Итог легкомыслия и преступных ошибок высших русских штабов оказался тяжелейшим. К 20 августа русские фактически лишились половины сил первоначальной группировки фронта (остатки 2-й армии еще следовало привести в порядок), а противник, напротив, получил подкрепления (два армейских корпуса и кавалерийскую дивизию). Перевес сил на Северо-Западном фронте отчетливо склонился на сторону противника. В то же время цель операции была достигнута: немцы перебросили на Восток часть своих сил из Франции; условия конвенции были исполнены русской стороной, и «План Шлиффена» окончательно рухнул. Правда, это обстоятельство, решившее судьбу войны, явилось следствием такой ошибки немцев, что напрочь перекрывала все возможные и невозможные ошибки русских. Следовало думать, что делать дальше.
На варшавско-наревском направлении спешно формировалась новая, 10-я армия В.Е. Флуга, призванная закрыть оголившийся участок фронта, однако к 20-м числам генерал Флуг имел в своем распоряжении только 22-й армейский корпус (из четырех Финляндских стрелковых бригад) А.Ф. фон дер Бринкена и 4-ю отдельную кавалерийскую бригаду. На подходе находился 3-й Сибирский корпус Е.А. Радкевича. Кроме того, к середине сентября в 10-ю армию должны были быть переброшены уже шедшие к западной границе эшелоны с частями 2-го Кавказского (П.И. Мищенко) и 1-го Туркестанского (М.Р. Ерофеев) корпусов.

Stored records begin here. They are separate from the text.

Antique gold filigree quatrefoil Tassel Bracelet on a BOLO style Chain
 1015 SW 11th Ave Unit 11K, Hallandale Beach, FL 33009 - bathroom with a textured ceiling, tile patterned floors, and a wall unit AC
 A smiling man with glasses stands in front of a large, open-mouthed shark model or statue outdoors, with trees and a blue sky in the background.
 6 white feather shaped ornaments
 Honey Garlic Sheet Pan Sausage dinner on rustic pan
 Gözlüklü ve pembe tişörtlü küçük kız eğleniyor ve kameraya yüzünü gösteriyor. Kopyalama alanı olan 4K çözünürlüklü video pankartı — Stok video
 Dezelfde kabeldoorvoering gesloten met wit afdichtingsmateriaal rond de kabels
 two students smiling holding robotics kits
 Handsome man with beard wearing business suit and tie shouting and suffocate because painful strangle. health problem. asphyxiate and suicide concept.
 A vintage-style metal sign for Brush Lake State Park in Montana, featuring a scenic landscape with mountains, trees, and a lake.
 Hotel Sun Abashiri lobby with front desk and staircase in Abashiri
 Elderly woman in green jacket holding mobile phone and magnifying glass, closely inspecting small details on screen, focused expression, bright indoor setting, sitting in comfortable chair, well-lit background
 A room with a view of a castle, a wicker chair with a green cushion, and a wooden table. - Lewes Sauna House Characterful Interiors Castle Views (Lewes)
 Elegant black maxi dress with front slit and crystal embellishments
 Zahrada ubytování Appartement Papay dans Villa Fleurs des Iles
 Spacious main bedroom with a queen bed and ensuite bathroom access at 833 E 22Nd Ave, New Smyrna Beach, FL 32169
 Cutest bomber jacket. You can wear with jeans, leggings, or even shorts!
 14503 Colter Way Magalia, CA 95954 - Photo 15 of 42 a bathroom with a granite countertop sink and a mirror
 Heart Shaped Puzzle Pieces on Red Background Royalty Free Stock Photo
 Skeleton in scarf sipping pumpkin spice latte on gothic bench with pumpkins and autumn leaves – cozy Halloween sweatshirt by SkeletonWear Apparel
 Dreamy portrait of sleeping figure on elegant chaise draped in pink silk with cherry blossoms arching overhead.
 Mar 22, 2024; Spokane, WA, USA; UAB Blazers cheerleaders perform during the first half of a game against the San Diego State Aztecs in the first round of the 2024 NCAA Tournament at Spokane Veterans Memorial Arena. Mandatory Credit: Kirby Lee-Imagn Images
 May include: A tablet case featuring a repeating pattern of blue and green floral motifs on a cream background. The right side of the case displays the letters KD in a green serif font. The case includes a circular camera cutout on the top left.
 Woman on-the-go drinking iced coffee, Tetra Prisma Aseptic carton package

На рубеже реки Нарев, под прикрытием крепостей Гродно, Ковно и Осовец, восстанавливались части разбитой 2-й армии, которые приводились в порядок командиром 6-й пехотной дивизии Ф.И. фон Торклусом. Вскоре командование над 2-й армией, куда стали перебрасываться первые подкрепления, с 23 августа принял командир 2-го армейского корпуса С.М. Шейдеман. Но пока Северо-Западный фронт фактически включал в себя только одну боеготовую армию – 1-ю – по-прежнему стоявшую севернее линии Мазурских озер от Кенигсберга и почти до Бишофсбурга, да разрозненные корпуса севернее реки Нарев.
В любом случае выходило, что П. фон Гинденбург, получивший два корпуса (11-й армейский и Гвардейский резервный) и кавалерийскую дивизию (8-я) с Западного (Французского) фронта в качестве подкрепления, и теперь имевший 250 тыс. штыков и сабель, был свободен в выборе дальнейших действий. Разгром 2-й русской армии окончательно передал инициативу в руки германских войск. Впрочем, немцы и так имели альтернативу дальнейших действий. Согласно предвоенным договоренностям с австрийцами, свой следующий удар немцы должны были направить в тыл русской Польше на Седлец, исполняя свои обязательства перед союзником, который как раз в это время из последних сил пытался прорвать русский оборонительный фронт в Галиции и Южной Польше.